→ WHAT IS REQUIRED
Pictures must not appear in the copy. Restate exactly the lines below from the one with "Pokébox tyranocif-V Poing Final" through the one with "1 Liter Dose", inclusive.

→ LISTED ENTRIES
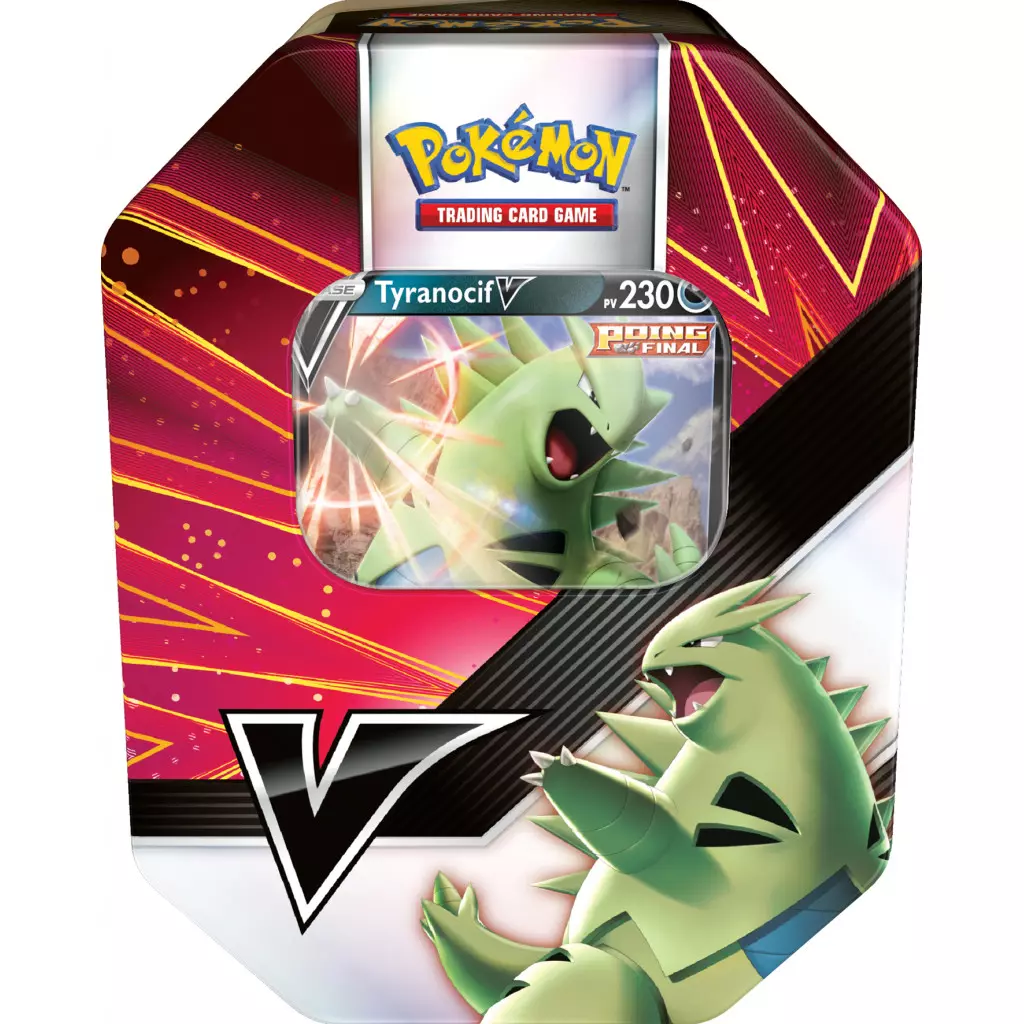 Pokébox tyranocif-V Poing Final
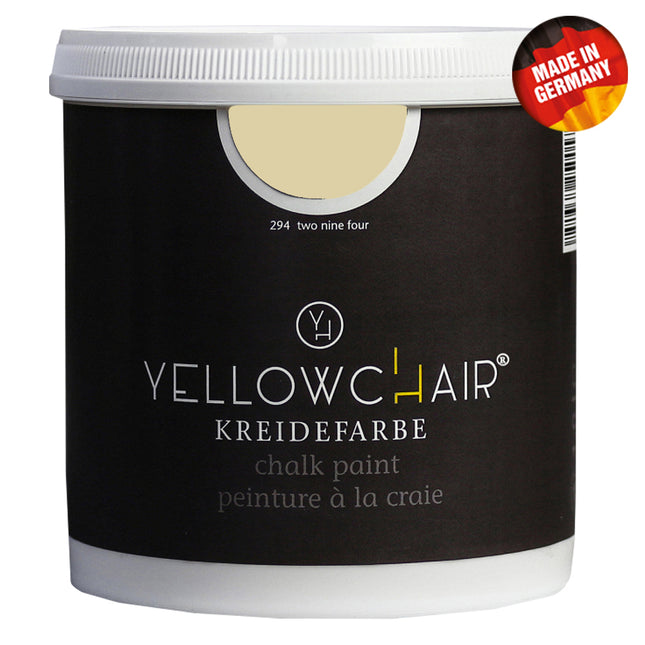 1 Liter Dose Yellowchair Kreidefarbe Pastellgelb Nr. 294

* * *

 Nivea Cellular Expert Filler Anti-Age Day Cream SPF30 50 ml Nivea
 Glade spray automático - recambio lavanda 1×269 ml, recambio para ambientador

→ YOUR SOLUTION
 Pokébox tyranocif-V Poing Final
 1 Liter Dose Yellowchair Kreidefarbe Pastellgelb Nr. 294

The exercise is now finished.